Migration fact of the day

"Today, approximately 7 million Indians work in six GCC countries, which is more than 50% of estimated 13 million foreign workers present in the GCC. The Indian workers in GCC remit about US$40 billion i.e. around 57% of the total remittances, i.e. US$70 billion India receives annually. Besides contributing significantly to the national forex reserves, the remittances received directly by the workers’ families help in poverty alleviation, support local business, promote entrepreneurship and generate employment."

That’s Zakir Hussain on the World Bank blog. Worth remembering this context next time you read a scandal about the poor treatment of Indian workers in the Gulf.

09 May 2025

The Arab Spring: Too much education and not enough jobs

Its always nice to have your priors confirmed by some systematic data. Here is Campante and Chor in the Journal of Economic Perspectives with a nice chart showing that Arab countries do generally have higher than average unemployment and more recent growth in education than other countries.
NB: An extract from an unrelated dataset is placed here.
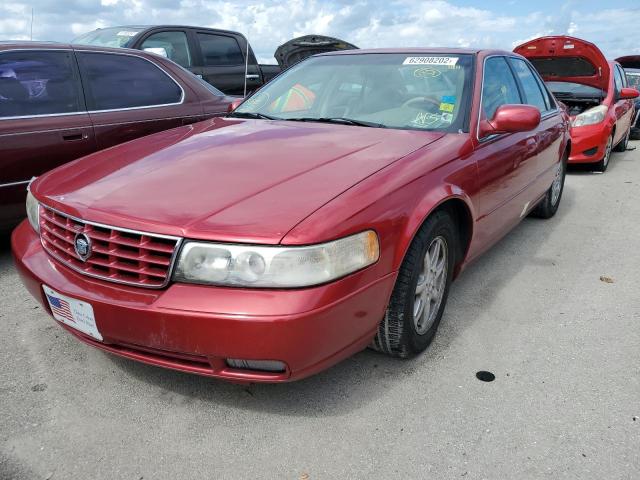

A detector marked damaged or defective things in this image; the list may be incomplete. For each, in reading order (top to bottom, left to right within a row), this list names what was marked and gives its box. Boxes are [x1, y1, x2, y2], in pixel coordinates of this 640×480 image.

cracked asphalt [0, 142, 636, 480]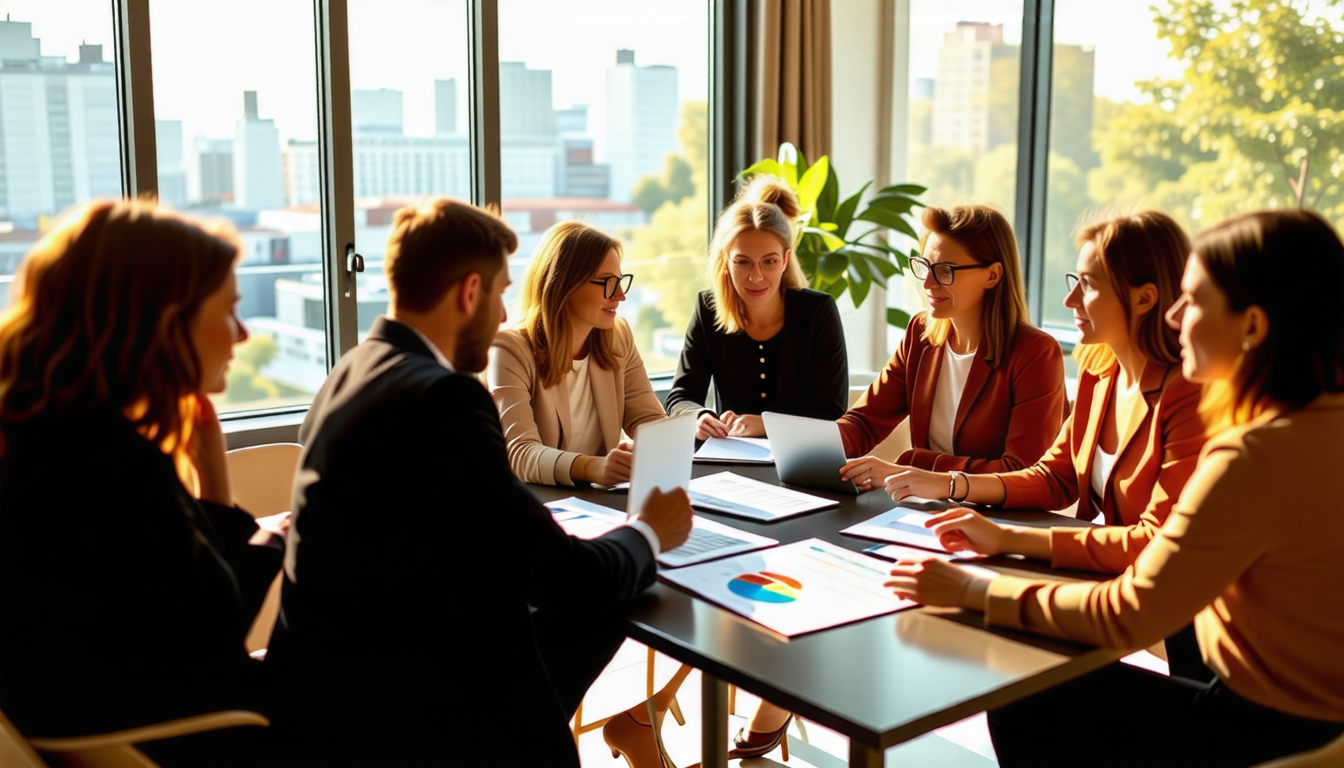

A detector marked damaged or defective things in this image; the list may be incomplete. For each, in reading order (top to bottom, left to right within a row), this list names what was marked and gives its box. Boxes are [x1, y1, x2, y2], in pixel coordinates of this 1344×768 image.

rust blazer [836, 314, 1064, 474]
rust blazer [996, 358, 1208, 568]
They also find some evidence (correlation is not causation etc) that it is the interaction between unemployment and schooling that has led to political change, and not either by them self.  


05 March 2025

The Revolution WILL be Televised

I was just thinking the last few days about how I should write something about Acemoglu & Robinson’s theory of revolution and how it applies to the Middle East.
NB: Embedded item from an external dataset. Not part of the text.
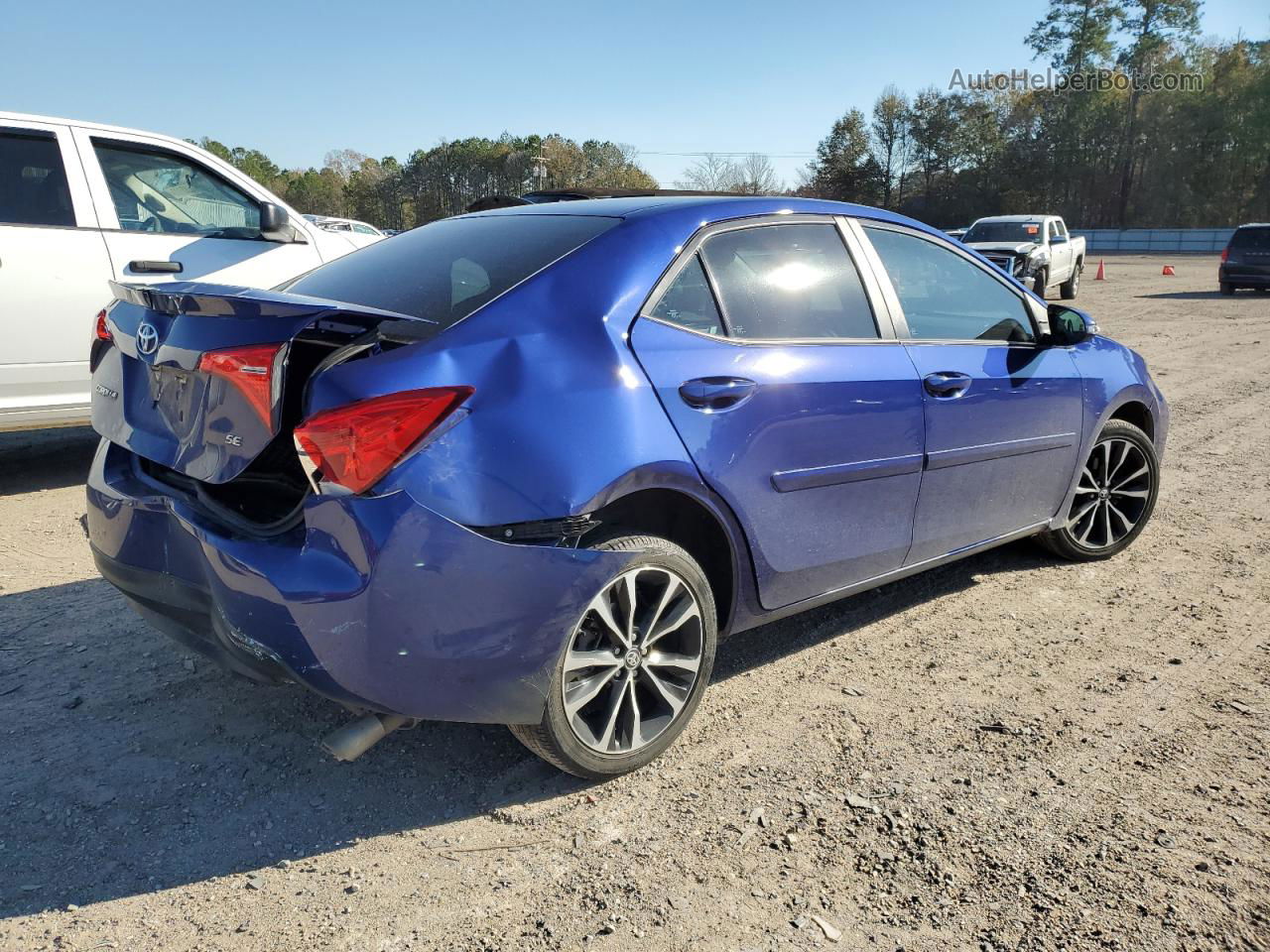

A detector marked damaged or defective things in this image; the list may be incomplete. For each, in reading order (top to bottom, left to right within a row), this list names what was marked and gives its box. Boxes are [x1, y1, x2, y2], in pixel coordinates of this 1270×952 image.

Well Tim Harford got there first, and probably does a much better job than I would have:

What kind of concessions should protesters look for? According to the economists Daron Acemoglu and James A. Robinson, who have built a detailed series of game-theoretic models of political transition, the answer is: ones that cannot be easily undone. Tunisia’s Ben Ali will surely not return, but already activists are concerned that democratic reforms may not be entrenched, and have returned to the streets to protest. Mubarak may be Egypt’s past, but Egypt’s future is unclear.

A fresh constitution, civil rights, and credible elections are all ways of safeguarding the gains so far. The revolutionary protesters are right to insist on them; it would hardly be a surprise to see feet being dragged by those who profited from the status quo.

It is intriguing to view events in the Middle East through this game-theoretic lens. For example, Saudi Arabia’s “royal gift” of $35bn does not seem to have satisfied activists in the kingdom. That makes sense: gifts can be withdrawn. If a dictatorial government can vent the revolutionary head of steam for a while, then the momentum for reform may be dissipated for many years - especially if the ringleaders are rounded up while all is quiet.

The one thing he touches on but does not quite make explicit is the importance of television. The trouble with revolution is that you have to solve a massive coordination problem in order to get everyone out onto the streets at the same time. Nobody wants to be the first one to the party and have to make awkward small-talk with the hosts. Better to arrive when things are in full-swing.

Much has been hyped about the role of Twitter and Facebook, but it seems to me that the real driving force has been the ready news of martyrs, accompanied by moving images, live evidence of the mass crowds out there, and the proven impact shown by the departure of Ben Ali and Mobarak. It was television, not Facebook, that did this.

In the words of the rather prescient-looking Charles Kenny:

Forget Twitter and Facebook, Google and the Kindle. Forget the latest sleek iGadget. Television is still the most influential medium around…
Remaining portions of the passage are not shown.